Media Description Providers (optional)

Generate text descriptions from media files, enriching metadata-only content.

  • mlx: Apple Silicon — vision (mlx-vlm) + audio transcription (mlx-whisper)
  • ollama: Local server — vision models only (llava, moondream, bakllava)

Media description runs in Keeper.put() between fetch and upsert. Descriptions are appended to the metadata content before embedding/ summarization, making media files semantically searchable by their visual or audio content.

Design points:

  • Only triggered for non-text content types (image/*, audio/*)
  • Lazy sub-provider loading: MLX composite only loads VLM for the first image, whisper for the first audio
  • GPU-locked via LockedMediaDescriber (same file-lock pattern as summarization, see model_lock.py)
  • Graceful degradation: errors never block indexing
  • Optional dependency: pip install keep-skill[media] for MLX models

Analyzer Providers

Decompose content into structural parts with their own summaries, tags, and embeddings (analyzers.py + providers/base.py:AnalyzerProvider).

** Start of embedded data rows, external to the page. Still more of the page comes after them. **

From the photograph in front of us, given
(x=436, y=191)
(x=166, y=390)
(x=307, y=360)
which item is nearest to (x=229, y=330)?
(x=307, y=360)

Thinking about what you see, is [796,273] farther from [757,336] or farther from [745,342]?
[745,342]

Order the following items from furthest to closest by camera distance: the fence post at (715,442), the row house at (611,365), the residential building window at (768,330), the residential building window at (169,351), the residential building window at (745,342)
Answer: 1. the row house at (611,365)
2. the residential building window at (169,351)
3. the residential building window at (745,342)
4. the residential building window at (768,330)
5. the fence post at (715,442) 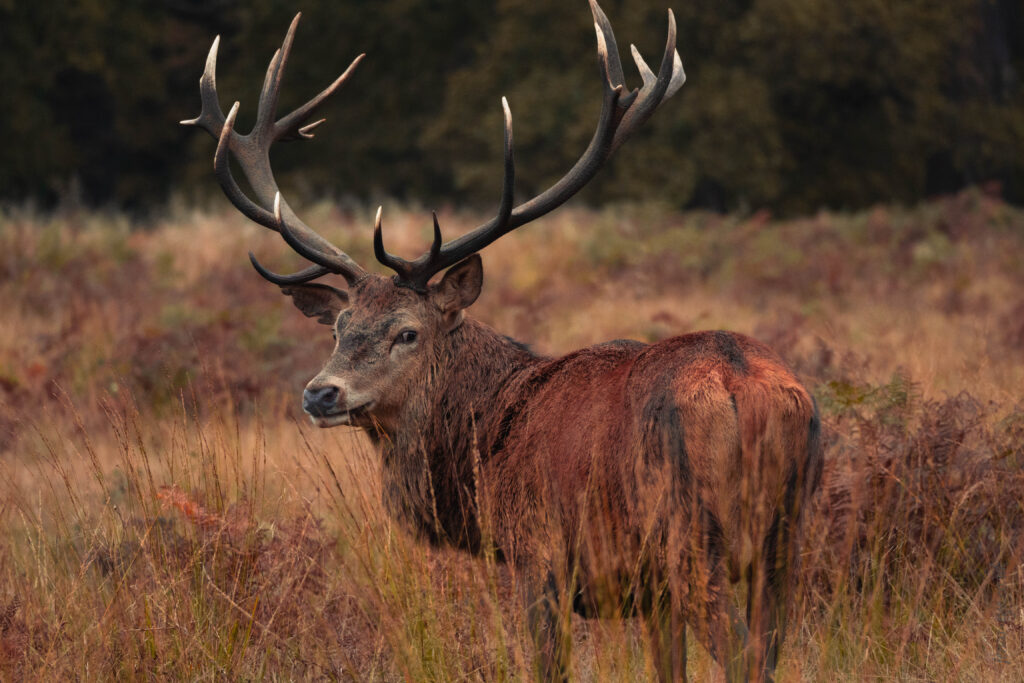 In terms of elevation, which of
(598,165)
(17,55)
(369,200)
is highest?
(17,55)

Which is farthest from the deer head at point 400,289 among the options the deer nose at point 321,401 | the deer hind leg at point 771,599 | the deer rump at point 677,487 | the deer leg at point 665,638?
the deer hind leg at point 771,599

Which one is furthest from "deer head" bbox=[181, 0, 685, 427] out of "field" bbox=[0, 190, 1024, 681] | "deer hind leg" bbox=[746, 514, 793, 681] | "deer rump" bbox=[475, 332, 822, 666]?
"deer hind leg" bbox=[746, 514, 793, 681]

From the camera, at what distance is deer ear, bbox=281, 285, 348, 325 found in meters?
4.96

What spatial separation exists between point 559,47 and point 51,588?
23.9 m

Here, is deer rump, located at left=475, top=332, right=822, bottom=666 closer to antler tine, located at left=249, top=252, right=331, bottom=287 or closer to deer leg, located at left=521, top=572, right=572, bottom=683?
deer leg, located at left=521, top=572, right=572, bottom=683

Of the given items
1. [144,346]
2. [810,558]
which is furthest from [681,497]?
[144,346]

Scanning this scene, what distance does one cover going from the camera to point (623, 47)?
2602 centimetres

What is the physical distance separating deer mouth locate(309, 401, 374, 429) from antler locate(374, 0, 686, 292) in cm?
59

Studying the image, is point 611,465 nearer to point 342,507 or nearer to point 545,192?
point 545,192

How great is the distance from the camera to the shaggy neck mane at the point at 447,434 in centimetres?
445

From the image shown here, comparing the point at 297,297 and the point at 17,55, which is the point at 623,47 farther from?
the point at 297,297

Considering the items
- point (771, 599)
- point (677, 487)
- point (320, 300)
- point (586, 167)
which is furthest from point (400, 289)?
point (771, 599)

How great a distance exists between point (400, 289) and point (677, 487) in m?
1.75

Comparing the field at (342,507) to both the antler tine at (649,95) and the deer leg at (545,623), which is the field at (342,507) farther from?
the antler tine at (649,95) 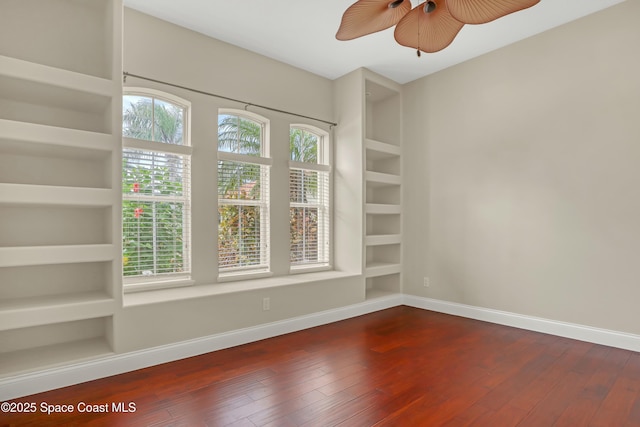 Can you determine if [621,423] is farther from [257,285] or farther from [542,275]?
[257,285]

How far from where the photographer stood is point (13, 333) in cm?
265

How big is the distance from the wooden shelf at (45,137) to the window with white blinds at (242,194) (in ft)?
4.24

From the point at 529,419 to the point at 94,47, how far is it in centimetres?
436

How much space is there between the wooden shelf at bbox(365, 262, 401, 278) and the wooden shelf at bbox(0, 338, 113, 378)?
308 centimetres

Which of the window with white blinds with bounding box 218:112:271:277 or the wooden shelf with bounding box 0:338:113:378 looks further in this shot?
the window with white blinds with bounding box 218:112:271:277

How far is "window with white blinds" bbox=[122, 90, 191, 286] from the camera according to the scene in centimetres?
330

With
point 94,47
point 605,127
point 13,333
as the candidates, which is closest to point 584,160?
point 605,127

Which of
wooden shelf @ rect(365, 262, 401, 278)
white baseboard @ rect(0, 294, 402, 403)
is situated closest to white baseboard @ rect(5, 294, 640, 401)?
white baseboard @ rect(0, 294, 402, 403)

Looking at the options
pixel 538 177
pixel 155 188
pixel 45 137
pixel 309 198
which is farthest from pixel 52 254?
pixel 538 177

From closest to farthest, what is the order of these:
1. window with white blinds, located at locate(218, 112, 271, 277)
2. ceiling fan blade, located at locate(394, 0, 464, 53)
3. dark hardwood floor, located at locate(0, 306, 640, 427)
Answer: dark hardwood floor, located at locate(0, 306, 640, 427), ceiling fan blade, located at locate(394, 0, 464, 53), window with white blinds, located at locate(218, 112, 271, 277)

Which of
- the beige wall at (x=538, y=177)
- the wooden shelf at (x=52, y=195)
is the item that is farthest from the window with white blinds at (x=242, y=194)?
the beige wall at (x=538, y=177)

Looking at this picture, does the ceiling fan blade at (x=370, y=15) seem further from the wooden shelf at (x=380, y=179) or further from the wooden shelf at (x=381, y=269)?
the wooden shelf at (x=381, y=269)

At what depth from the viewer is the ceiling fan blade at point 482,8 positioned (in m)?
1.90

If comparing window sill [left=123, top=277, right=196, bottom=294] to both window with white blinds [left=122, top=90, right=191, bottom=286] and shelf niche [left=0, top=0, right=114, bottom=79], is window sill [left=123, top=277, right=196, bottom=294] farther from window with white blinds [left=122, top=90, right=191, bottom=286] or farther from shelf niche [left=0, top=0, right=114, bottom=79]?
shelf niche [left=0, top=0, right=114, bottom=79] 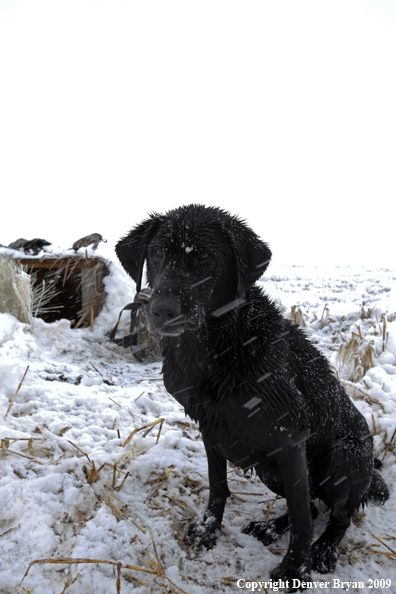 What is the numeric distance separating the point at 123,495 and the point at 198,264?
5.13 ft

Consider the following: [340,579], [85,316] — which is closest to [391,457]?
[340,579]

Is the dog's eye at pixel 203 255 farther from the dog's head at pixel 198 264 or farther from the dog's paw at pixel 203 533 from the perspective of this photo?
the dog's paw at pixel 203 533

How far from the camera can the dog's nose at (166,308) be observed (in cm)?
167

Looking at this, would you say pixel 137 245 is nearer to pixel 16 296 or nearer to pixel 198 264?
pixel 198 264

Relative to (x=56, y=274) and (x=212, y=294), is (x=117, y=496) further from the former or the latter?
(x=56, y=274)

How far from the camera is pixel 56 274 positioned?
6.14m

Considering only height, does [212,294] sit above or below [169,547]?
above

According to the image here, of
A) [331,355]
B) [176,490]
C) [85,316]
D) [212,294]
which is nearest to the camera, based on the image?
[212,294]

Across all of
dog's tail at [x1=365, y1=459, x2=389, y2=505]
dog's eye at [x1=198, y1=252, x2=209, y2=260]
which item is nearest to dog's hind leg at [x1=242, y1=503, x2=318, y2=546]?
dog's tail at [x1=365, y1=459, x2=389, y2=505]

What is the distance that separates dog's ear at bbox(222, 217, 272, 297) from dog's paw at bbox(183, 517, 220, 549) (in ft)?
4.46

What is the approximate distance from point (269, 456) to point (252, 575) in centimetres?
62

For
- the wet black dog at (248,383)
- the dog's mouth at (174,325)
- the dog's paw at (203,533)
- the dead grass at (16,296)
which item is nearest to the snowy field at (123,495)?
the dog's paw at (203,533)

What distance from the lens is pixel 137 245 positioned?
2178 mm

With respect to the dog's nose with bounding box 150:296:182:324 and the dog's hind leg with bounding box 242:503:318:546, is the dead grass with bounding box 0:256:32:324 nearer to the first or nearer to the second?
the dog's nose with bounding box 150:296:182:324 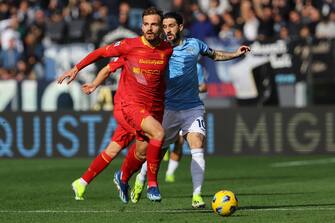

  • SlidingWindowAnalyzer (default): token-budgeted sliding windows with XML-style target marking, suited to small local models
  • SinglePassAnalyzer: single-pass JSON decomposition for large-context models

Parts are produced by analyze() and stored as their own rows in document_parts, with vectors at {id}@p{N} in the vector store.

Other provider modules


Storage Layout

store_path/                   # default: ~/.keep
├── keep.toml                 # Provider and store configuration
├── documents.db              # SQLite: summaries, tags, versions, parts, FTS
├── chroma/                   # ChromaDB persistence (vectors + metadata)
├── pending_summaries.db      # Pending queue (summarize/embed/ocr/reindex/analyze)
├── continuation.db           # Direct work queue + flow continuations
├── embedding_cache.db        # SQLite cache for embeddings
├── planner_stats.db          # Flow planner priors
├── .processor.pid            # Daemon PID file
├── .processor.token          # Daemon HTTP auth token
├── .processor.port           # Daemon HTTP port
├── .processor.version        # Code version the daemon was started under
└── keep-ops.log[.N]          # Persistent operations log (rotating)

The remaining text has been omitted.